The legislation does not define what constitutes a 'real' risk. Guidance is provided in the EM and some guidance has also been provided by the Commissioner.4
As noted above, the real risk of forfeiture test is intended to provide for deferral of tax when there is a real alignment of interests between the employee and employer, through the employee's benefits being at risk. The EM says it is a principles-based test which is intended to deny deferral where schemes contrive to present a nominal risk of forfeiture without complying with the intent of the law.5
In ATO ID 2010/61, the Commissioner refers to the following dictionary definition of 'real':6
… actually existing as a thing or occurring in fact … genuine; rightly co called; not artificial or merely apparent.
A risk will be a real risk rather than a contrived risk if a reasonable person would:
(a) regard it as something more than a mere possibility (rather than as a risk that is highly unlikely or nothing more than a rare possibility or eventuality);7 and (b) consider there to be a genuine connection between the forfeiture condition and aligning the interests of the employer and employee.8
The risk does not have to be significant or substantial for it to be a real risk.9
The time frame of the risk will also be relevant. If the risk of forfeiture is over a short period of time and gives access to a relatively long period of deferral, the risk may not be considered to be a real risk.10
The Commissioner says that all of the facts and circumstances of the scheme and the individual circumstances of the employee need to be examined. What may be a real risk for one employee may not be a real risk for another.
The risk must not be within the control of the employee. As Examples 1.19 and 1.20 in the EM illustrate, if the grant of ESS interests is dependent on an act of the employee, this will not represent a real risk of forfeiture. In Example 1.19, the plan required the employee to make regular contributions to the plan and the employee stopped making those contributions - the EM says this is not a real risk of forfeiture. In Example 1.20, the plan required that the employee did not sell prior ESS interests - again, the EM says this is not a 'real' risk.

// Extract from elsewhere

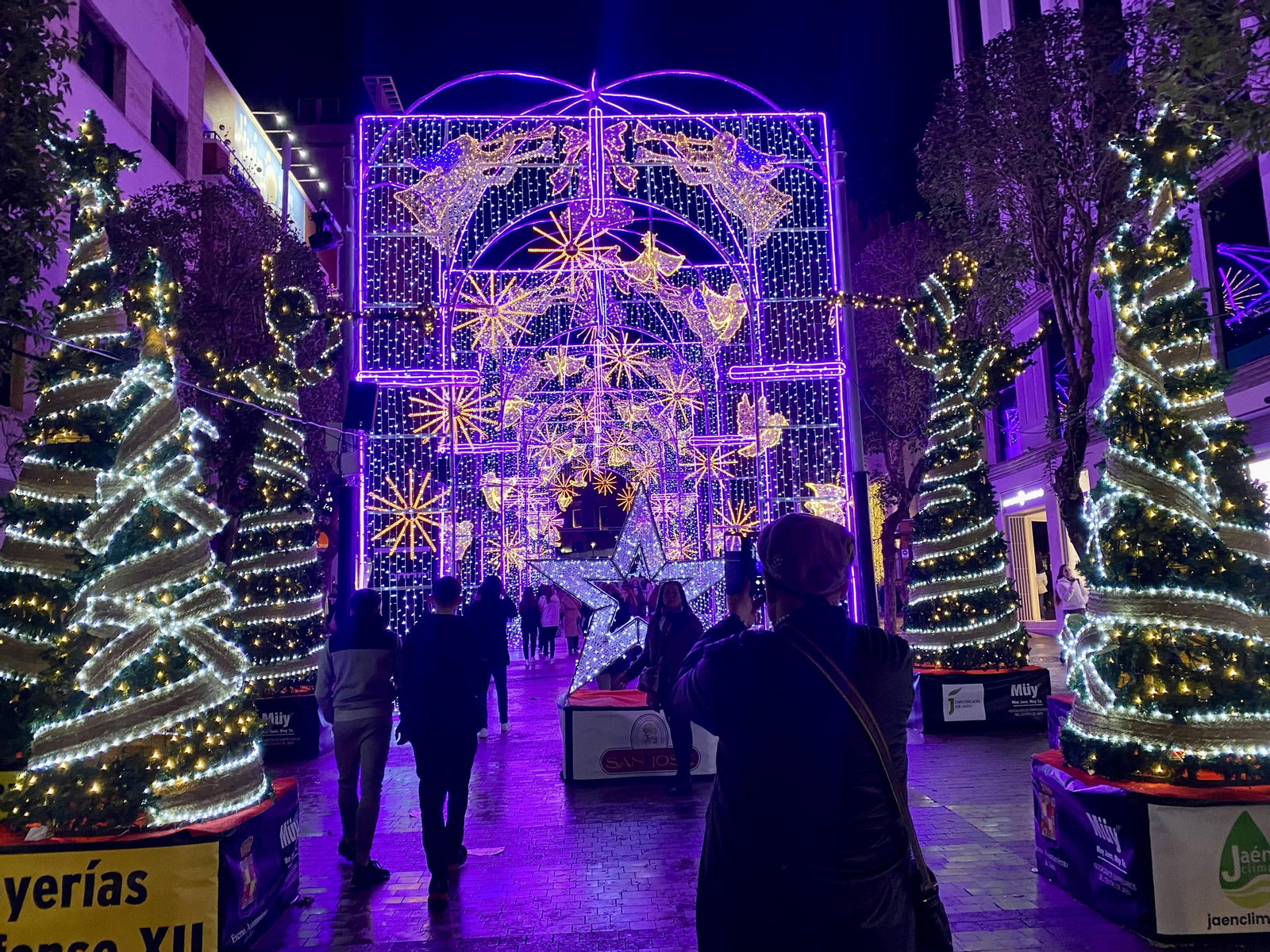 Los jiennenses disfrutan del encendido de 'La Catedral de la Navidad' con Rosa Copado como pregonera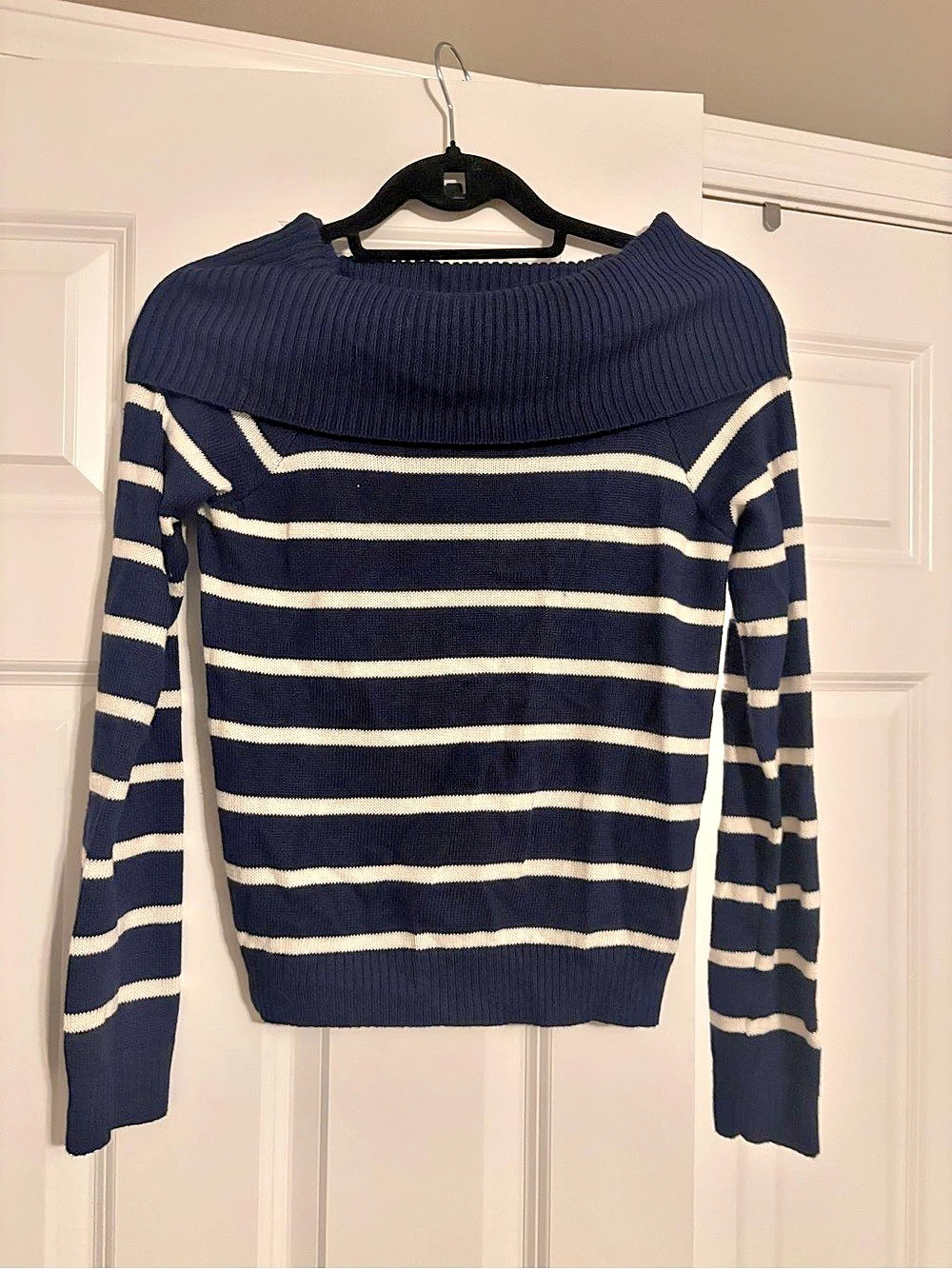 Aeropostale Striped Off-The-Shoulder Sweater Blue & White Medium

The real risk of forfeiture must be 'under the conditions of the scheme'.
While the ESS provisions are silent on what constitutes the 'conditions of a scheme', the context indicates that the conditions need to be in written form and form part of the scheme.
Such conditions could be contained in either:
(a) the plan rules for the scheme. The plan rules may provide for the conditions specifically or otherwise allow for conditions to be imposed in respect of individual offers made to employees to whom participation in the scheme is offered; and/or (b) the offer document given to employees inviting them to participate in the scheme.
For a scheme to be a deferred tax scheme, the plan rules and offer documents will need to be appropriately drafted to meet these requirements.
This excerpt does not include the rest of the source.